It is here at La Silla that we will soon conclude our trip into the Ultra HD Universe. After a good night’s rest, we’re all feeling refreshed and excited about the coming day’s (or should I say night’s) activities. La Silla has more than 300 clear nights per year, providing the perfect backdrop for our 4K shots.

Throughout the day, we will make a tour of the site to scout for good places for our shots. I plan to take evening and night images from sunset to sunrise. Christoph also plans to take night shots at La Silla with his favourite type of imaging – time-lapse photography. Babak plans to take some more night shots and maybe some time-lapses. Whereas Herbert, as the only one of us to not be functioning nocturnally, will take advantage of the sites during the day and capture astronomers at work before getting some shut-eye.

Eyes to the skies!,

- Yuri
#ESOultraHD







28. Expedition day 11: Journey to La Silla
Date: 04.4.2014
Location: ALMA Operations Support Facility (OSF)
Altitude: 2900 metres
Coordinates: 23°1'28.729"S 67°45'16.588"W


Hi, Babak here!

All went well during our last night at Chajnantor. We have a long journey ahead of us today as we make our way to La Silla. I’m writing to you quickly in the early hours of the morning as we soon have to set off for Calama airport.

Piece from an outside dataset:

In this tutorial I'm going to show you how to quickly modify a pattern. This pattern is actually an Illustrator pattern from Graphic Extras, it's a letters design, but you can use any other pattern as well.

The antennas of the ALMA array look up towards the star-filled skies. Credit: ESO/B. Tafreshi

Last night, Christoph took some additional time-lapses at the Operations Support Facility (OSF) whilst Yuri and I drove down towards San Pedro de Atacama to take some long-distance shots of the ALMA OSF area. The night was calm and relatively warm with classic Chajnantor Plateau clear skies. Clouds appeared only occasionally as we took our last shots at the ALMA Observatory and headed home earlier than usual in preparation for the day of packing and travelling ahead.

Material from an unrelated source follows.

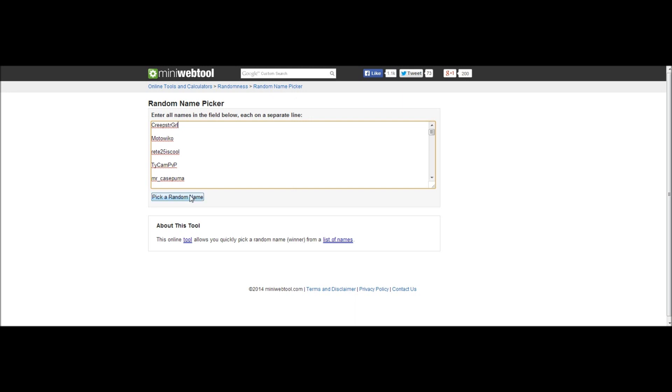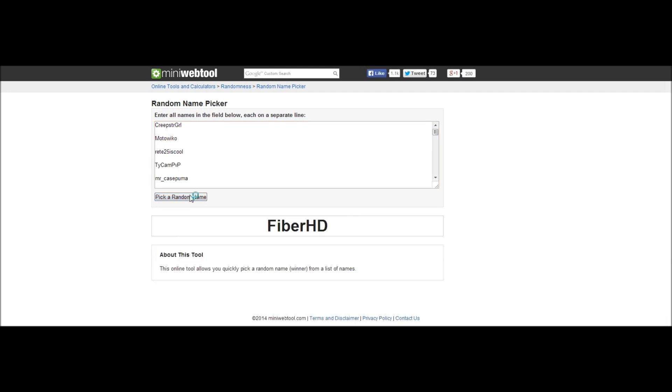Well I guess it's time to pick the winner of the 1000 subscriber giveaway Minecraft account giveaway. The winner is FiberHD, congratulations!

The Milky Way glitters brightly over ALMA. Credit: ESO/B. Tafreshi

We will leave ALMA at around 9:15 today and it is about a two-hour drive to Calama. From there, we will drop off our 4 x 4s at the car rental before we catch our flight to Santiago. All our equipment will follow us as we take a connecting flight to La Serena, where we should arrive at around 18:20.



Yuri and I during our night of photography near ALMA. Credit: ESO/B. Tafreshi

Flights in Chile often offer views of some fantastic scenery. On the two-hour flight from Calama to Santiago today we have the Andes to our left and the ocean to our right. You can see a vast stretch of desert across the mainland and the glistening of the clear blue ocean and the dusty sand dunes. At this time of year, the Chilean winter is approaching fast. Along the Andes you will see the snow-peaked mountaintops among the red, Martian-looking terrain below. En route you may also be able to spot Paranal, Cerro Armazones and La Silla.

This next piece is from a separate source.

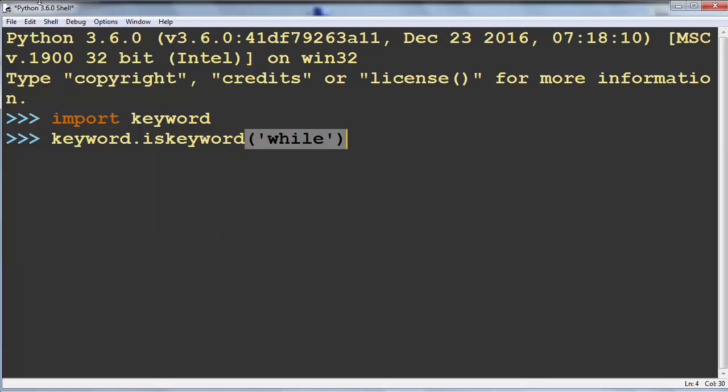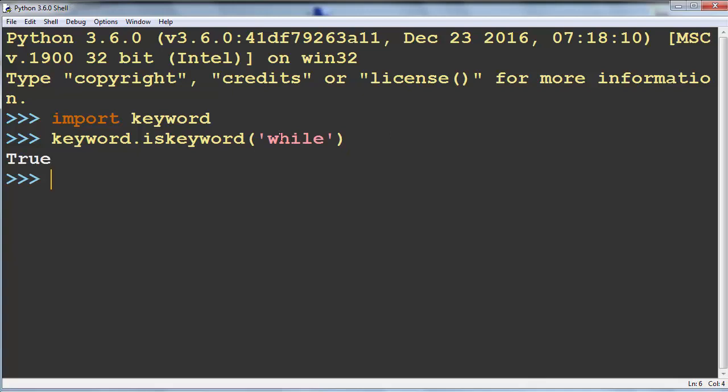As we can see, 'while' is a valid keyword in Python language.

This photo from the ESO archive may give you an idea of the scenery we will see as we fly along the La Silla Observatory ridge, looking east. Credit: ESO

Once we arrive at La Serena, we will pick up our new rental 4 x 4s and make our way to La Silla for another two-hour drive. We’ll then check into our hotel at La Silla at about 21:00. After a long day’s travelling we might head straight to sleep, but who knows if we can resist taking a few shots before we go to bed. :)

All the best,

- Babak
#ESOultraHD







27. Expedition day 10: Last day at ALMA
Date: 03.4.2014
Location: ALMA Operations Support Facility (OSF)
Altitude: 2900 metres
Coordinates: 23°1'28.729"S 67°45'16.588"W


Hi, Christoph here!

It’s our last day here at the ALMA Observatory. At some point you need to just hang out by yourself for an hour or so, and relax a bit by trying to capture the magic of ALMA Operations Support Facility (OSF). The place and people are truly inspiring – it's like a huge family working here, under the stars.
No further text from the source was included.